Aus Politische Berichte Nr. 01/2019, S.15 InhaltsverzeichnisPDFPB-Archiv

Die IG Metall in einer ungewissen Zeit

Bruno Rocker, Berlin

01 Dokumentation Debattenpapier:

Hass- und Gewalttiraden in den sogenannten sozialen Medien erreichen die reale Welt auf der Straße, sie wirken jedoch weniger in die Betriebe hinein. Das System von Tarifautonomie und Betriebsverfassung enthält offenbar wirksame Hemmschwellen, die dies verhindern. Das Ergebnis der Betriebsratswahlen in 2018 bundesweit bestätigt die weitgehende Isolation rechtsextremer und gewaltbereiter Kräfte in den Betrieben.

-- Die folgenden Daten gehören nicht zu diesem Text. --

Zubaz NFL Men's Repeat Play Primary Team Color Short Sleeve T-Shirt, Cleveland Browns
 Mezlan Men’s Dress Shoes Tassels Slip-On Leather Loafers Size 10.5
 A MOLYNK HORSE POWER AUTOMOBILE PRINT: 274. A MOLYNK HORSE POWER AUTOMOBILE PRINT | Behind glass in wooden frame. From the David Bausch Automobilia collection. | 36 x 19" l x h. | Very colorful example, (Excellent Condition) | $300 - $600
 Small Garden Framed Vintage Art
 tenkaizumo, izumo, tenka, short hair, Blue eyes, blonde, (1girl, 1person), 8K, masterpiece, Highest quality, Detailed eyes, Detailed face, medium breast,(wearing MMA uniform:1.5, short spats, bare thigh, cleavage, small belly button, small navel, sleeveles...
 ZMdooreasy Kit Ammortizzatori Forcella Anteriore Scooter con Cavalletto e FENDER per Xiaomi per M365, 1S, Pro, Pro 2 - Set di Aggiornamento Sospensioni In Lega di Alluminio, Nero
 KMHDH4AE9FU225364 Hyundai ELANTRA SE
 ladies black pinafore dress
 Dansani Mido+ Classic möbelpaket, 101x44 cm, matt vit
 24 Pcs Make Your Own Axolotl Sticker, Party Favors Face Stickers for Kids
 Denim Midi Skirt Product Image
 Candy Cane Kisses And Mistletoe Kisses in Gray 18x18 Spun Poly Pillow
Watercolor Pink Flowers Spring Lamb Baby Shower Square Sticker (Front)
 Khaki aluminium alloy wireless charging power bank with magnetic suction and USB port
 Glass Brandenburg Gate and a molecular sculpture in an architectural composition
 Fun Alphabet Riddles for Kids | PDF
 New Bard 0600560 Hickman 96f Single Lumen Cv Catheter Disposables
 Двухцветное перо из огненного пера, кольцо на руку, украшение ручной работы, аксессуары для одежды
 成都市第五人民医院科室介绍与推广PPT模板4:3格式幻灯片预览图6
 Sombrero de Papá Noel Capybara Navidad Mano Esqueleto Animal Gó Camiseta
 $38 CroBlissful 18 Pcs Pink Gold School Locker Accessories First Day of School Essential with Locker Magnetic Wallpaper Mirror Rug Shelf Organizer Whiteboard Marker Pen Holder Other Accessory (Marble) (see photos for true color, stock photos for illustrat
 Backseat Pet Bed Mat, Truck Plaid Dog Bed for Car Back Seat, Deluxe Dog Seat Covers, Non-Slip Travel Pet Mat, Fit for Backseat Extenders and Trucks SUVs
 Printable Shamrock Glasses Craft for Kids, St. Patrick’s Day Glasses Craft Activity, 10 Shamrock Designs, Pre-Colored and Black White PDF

Davon profitiert in gewisser Weise auch die aktuelle Vorbereitung auf den Gewerkschaftstag im Oktober 2019 in Nürnberg. Die IG Metall wird dort programmatische Leitlinien für die nächsten vier Jahre diskutieren und beschließen. Der Vorstand hat ein Debattenpapier erarbeitet und in der Ausgabe „Januar-Februar 2019“ der Mitglieder-Zeitung veröffentlicht. Natürlich geht es zunächst um die vielfältigen Triebkräfte der aktuellen Transformation – die Digitalisierung von Produkten und Prozessen sowie die fortschreitende Globalisierung und die Dekarbonisierung der Industrie mit den entsprechenden Veränderungsprozessen in der Arbeitswelt. Es geht jedoch auch um Grundsätze.

Wir dokumentieren im Folgenden einige wesentliche Positionierungen aus dem Debattenpapier. Die Zwischenüberschriften haben wir eingefügt. Das Papier als Ganzes ist aus dem Download-Bereich der Website der IG Metall herunterladbar.

https://www.igmetall.de/metallzeitung_01_02_2019_81a61eb343cc436c45ffcb8c1d39bac8d8e50c24.pdf

01

Dokumentation Debattenpapier:

Selbstbewusstsein: Und wir werden weiter streiten für faire Entgelte, gute und zukunftsfähige Jobs, einen fairen und gut regulierten Weltmarkt, für ein solidarisches und soziales Europa, eine starke und nachhaltige Industrie, für selbstbestimmte Arbeitszeiten und eine humane Arbeitswelt für alle Beschäftigten, auch für diejenigen, die am Rande der Stammbelegschaft arbeiten, befristet als Leiharbeiter oder als Beschäftigte aus Werksvertragsunternehmen.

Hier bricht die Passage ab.